Instructions for the task:
Every line below should be repeated exactly.

Dataset excerpt:
· · · · ·

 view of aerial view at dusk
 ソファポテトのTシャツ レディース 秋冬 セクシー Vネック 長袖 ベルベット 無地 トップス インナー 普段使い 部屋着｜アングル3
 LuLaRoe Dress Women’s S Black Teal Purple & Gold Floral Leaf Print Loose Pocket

· · · · ·

Answer to this task:
 view of aerial view at dusk
 ソファポテトのTシャツ レディース 秋冬 セクシー Vネック 長袖 ベルベット 無地 トップス インナー 普段使い 部屋着｜アングル3
 LuLaRoe Dress Women’s S Black Teal Purple & Gold Floral Leaf Print Loose Pocket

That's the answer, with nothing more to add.